Uninstall / remove a Homebrew package including all its dependencies

Ory Band picture Ory Band · Sep 6, 2011 · Viewed 370.6k times · Source

I have a Homebrew formula that I wish to uninstall/remove along with all its dependencies, skipping packages whom other packages depend upon (a.k.a. Cascading package removal in Package manager parlance).

e.g. Uninstall package a which depends on packages b & c, where package d also depends on package c. The result should uninstall both a & b, skipping c.

How can I do that?

There must be a way to uninstall a package without leaving unnecessary junk behind.

Answer

Ory Band picture Ory Band · Sep 7, 2011

EDIT:

It looks like the issue is now solved using an external command called brew rmdeps or brew rmtree.

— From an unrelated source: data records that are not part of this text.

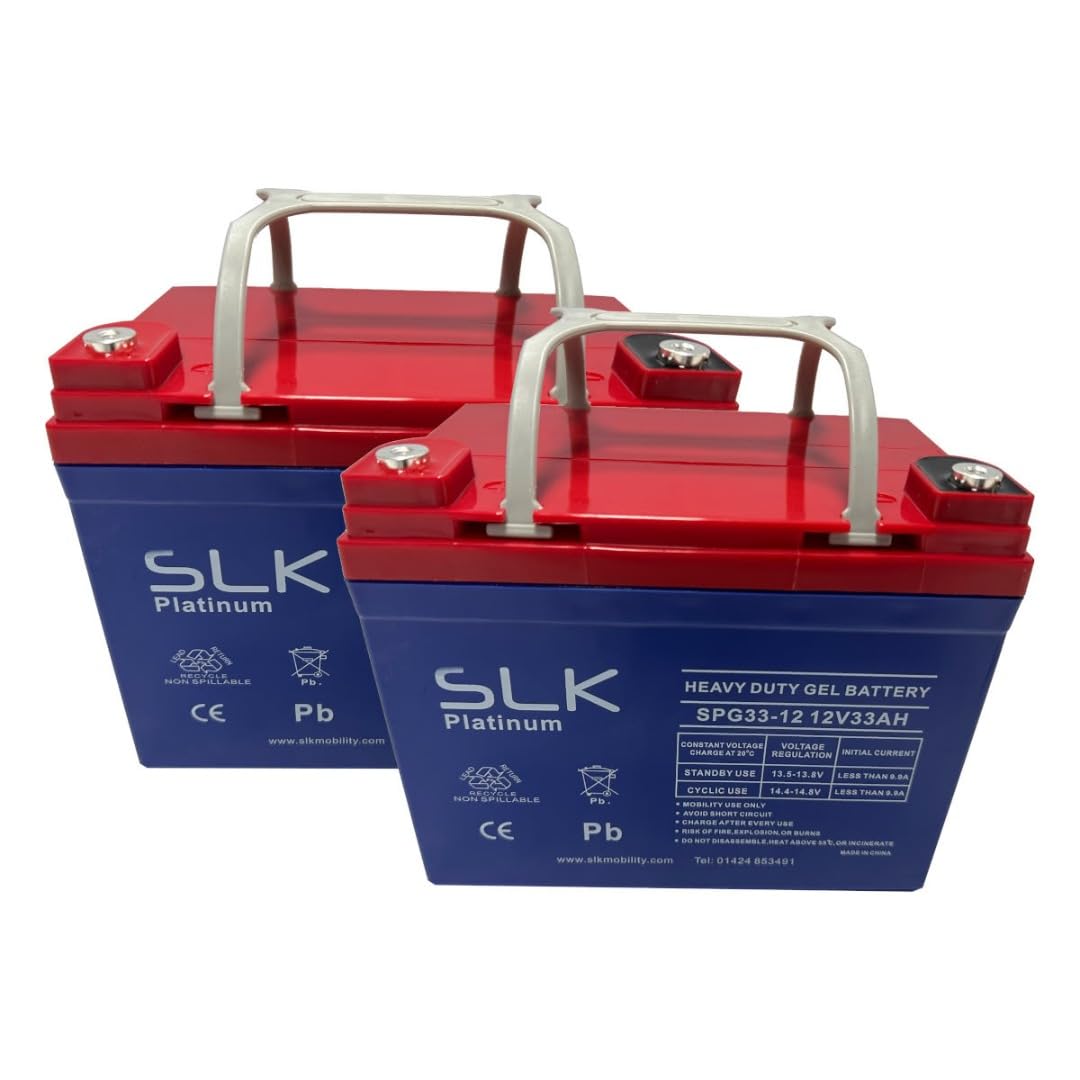 SLK Platinum Mobility Scooter GEL Battery Pair of 2 x 12v 33ah Reliable And long Lasting Replacement Batteries For Electric Scooters And Wheelchairs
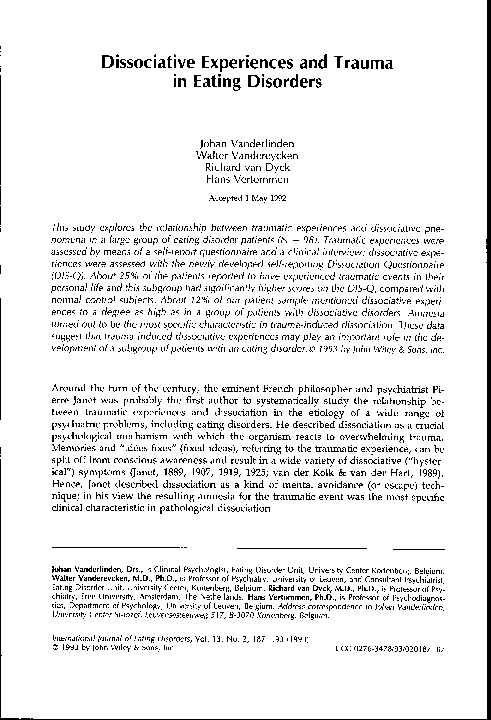 (PDF) Dissociative experiences and trauma in eating disorders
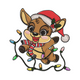 Christmas Reindeer With Lights Embroidery Design, Kawaii Holiday Machine Embroidery Pattern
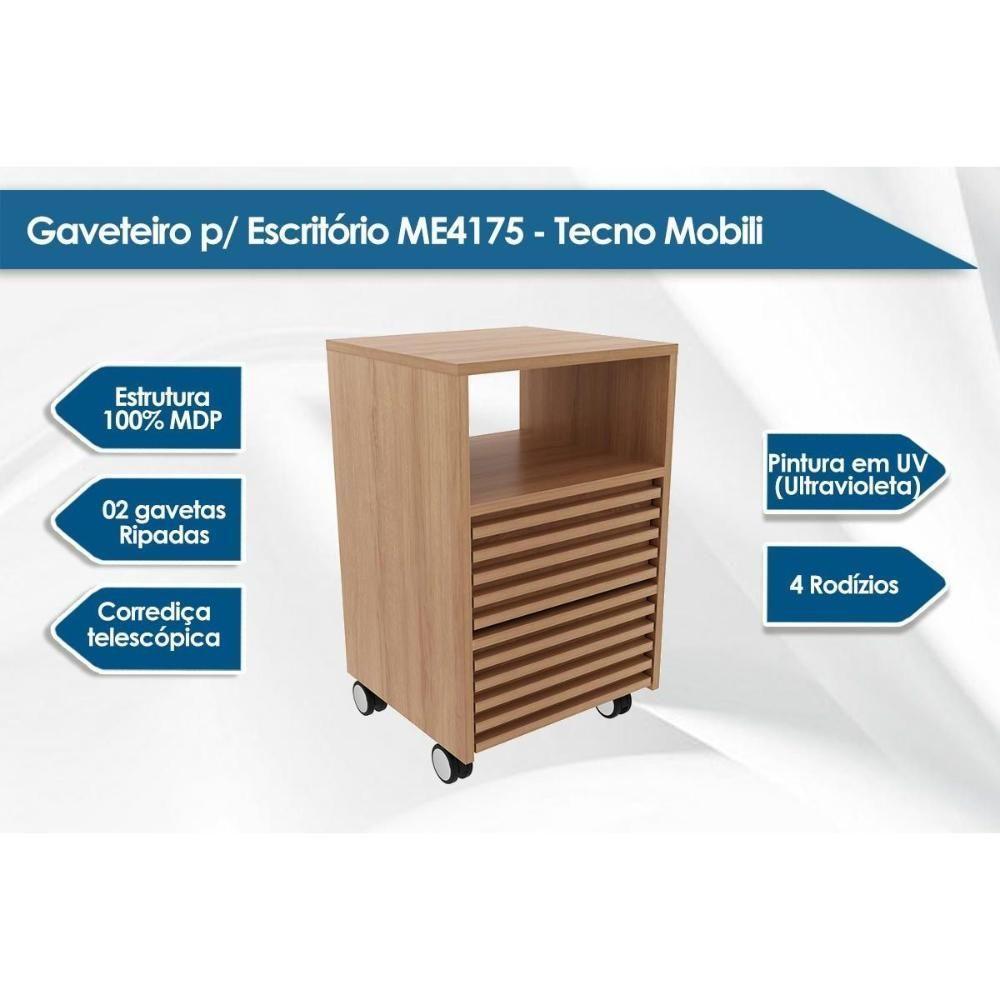Gaveteiro p/ Escritório c/ 2 Gavetas e Rodizios Ripado ME4175 Amêndoa - Tecno Mobili - 6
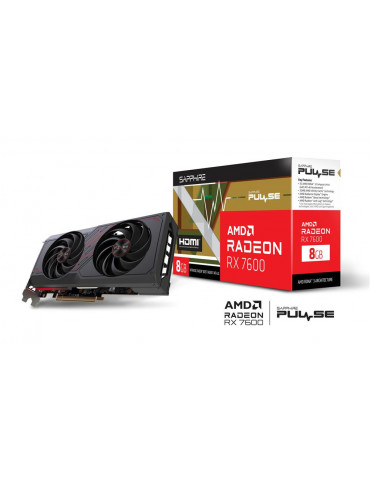 Видео карта Sapphire PULSE AMD Radeon RX 7600 GAMING OC 8GB GDDR6 - 11324-01-20G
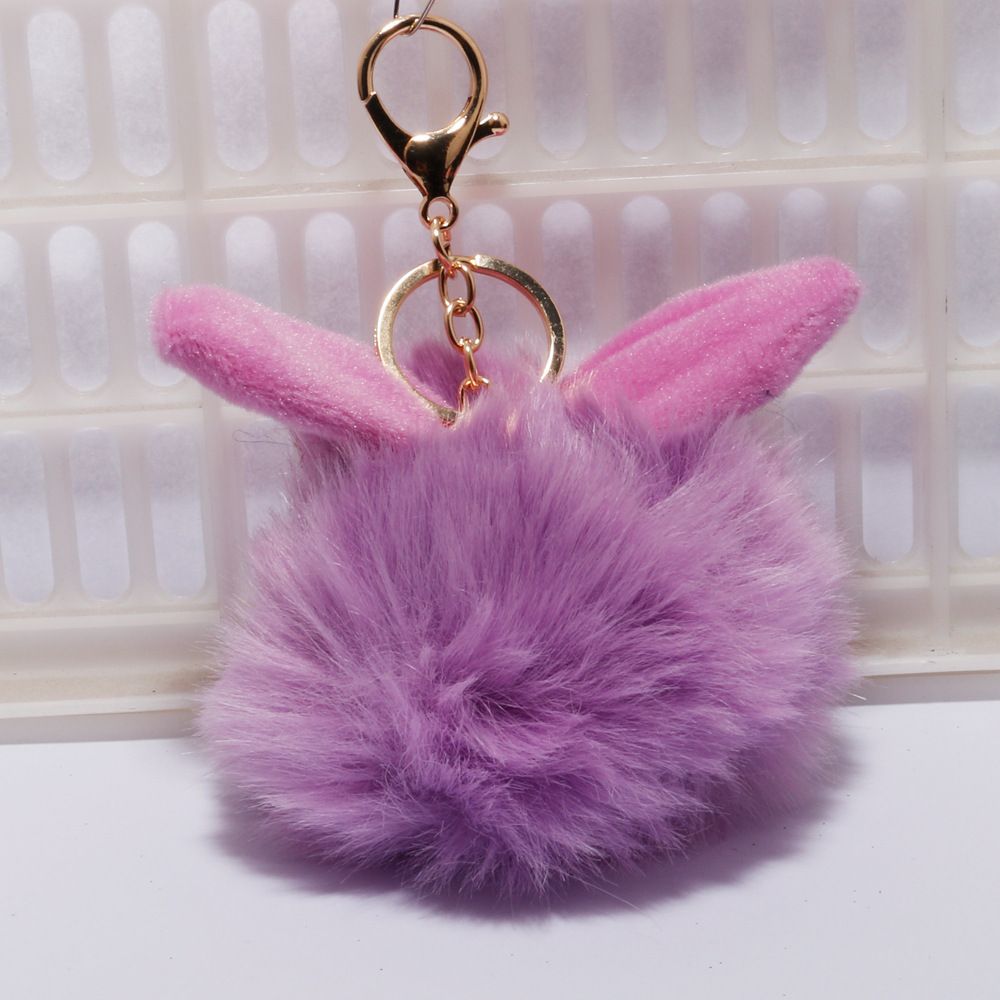 承接外贸订单兔耳朵毛球钥匙扣超萌挂件可爱包包汽车毛绒挂饰链圈详情图5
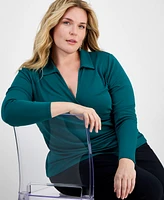 I.n.c. International Concepts Plus Size Collared Faux-Wrap Top, Created for Macy's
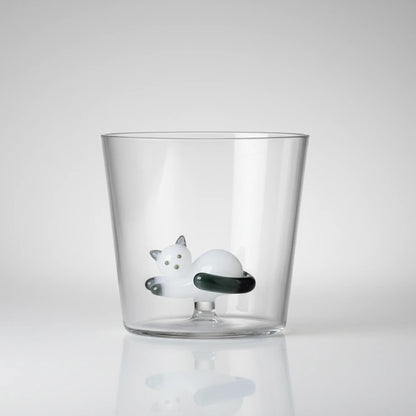 Ichendorf White and Smoke Lying Tabby Cat Glass Handmade Tumbler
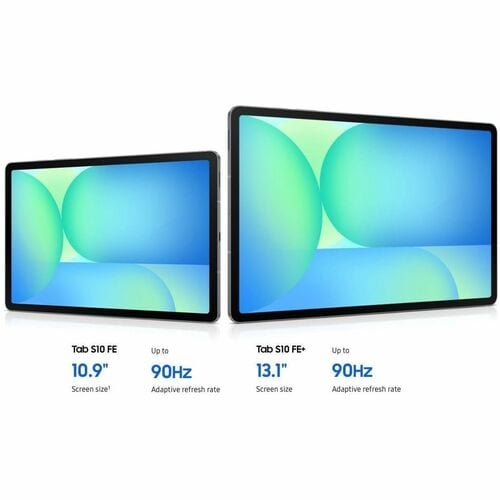 Two tablets with screen size and refresh rate information on a white background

To install and use, issue the following commands:

$ brew tap beeftornado/rmtree
$ brew rmtree <package>

See the above link for more information and discussion.


Original answer:

It appears that currently, there's no easy way to accomplish this.

However, I filed an issue on Homebrew's GitHub page, and somebody suggested a temporary solution until they add an exclusive command to solve this.

There's an external command called brew leaves which prints all packages that are not dependencies of other packages.

If you do a logical and on the output of brew leaves and brew deps <package>, you might just get a list of the orphaned dependency packages, which you can uninstall manually afterwards. Combine this with xargs and you'll get what you need, I guess (untested, don't count on this).


EDIT: Somebody just suggested a very similar solution, using join instead of xargs:

brew rm FORMULA
brew rm $(join <(brew leaves) <(brew deps FORMULA))

See the comment on the issue mentioned above for more info.